Top of Data excerpts

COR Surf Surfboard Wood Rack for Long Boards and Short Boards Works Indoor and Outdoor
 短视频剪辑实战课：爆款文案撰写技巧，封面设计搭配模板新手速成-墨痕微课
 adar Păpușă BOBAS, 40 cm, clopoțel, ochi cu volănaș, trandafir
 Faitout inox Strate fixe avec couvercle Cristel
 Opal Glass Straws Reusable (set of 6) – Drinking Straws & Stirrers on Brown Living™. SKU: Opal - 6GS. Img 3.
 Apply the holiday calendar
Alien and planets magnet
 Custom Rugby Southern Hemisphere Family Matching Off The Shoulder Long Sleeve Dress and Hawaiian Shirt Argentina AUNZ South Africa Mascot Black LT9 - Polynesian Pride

Bottom of Data excerpts

▶ **What is expected**:
Once you reach the line that contains "短视频剪辑实战课：爆款文案撰写技巧，封面设计搭配模板新手速成-墨痕微课", print it and every line after it exactly as written, stopping at the last line of the records and adding nothing.

▶ **Output of the task**:
 短视频剪辑实战课：爆款文案撰写技巧，封面设计搭配模板新手速成-墨痕微课
 adar Păpușă BOBAS, 40 cm, clopoțel, ochi cu volănaș, trandafir
 Faitout inox Strate fixe avec couvercle Cristel
 Opal Glass Straws Reusable (set of 6) – Drinking Straws & Stirrers on Brown Living™. SKU: Opal - 6GS. Img 3.
 Apply the holiday calendar
Alien and planets magnet
 Custom Rugby Southern Hemisphere Family Matching Off The Shoulder Long Sleeve Dress and Hawaiian Shirt Argentina AUNZ South Africa Mascot Black LT9 - Polynesian Pride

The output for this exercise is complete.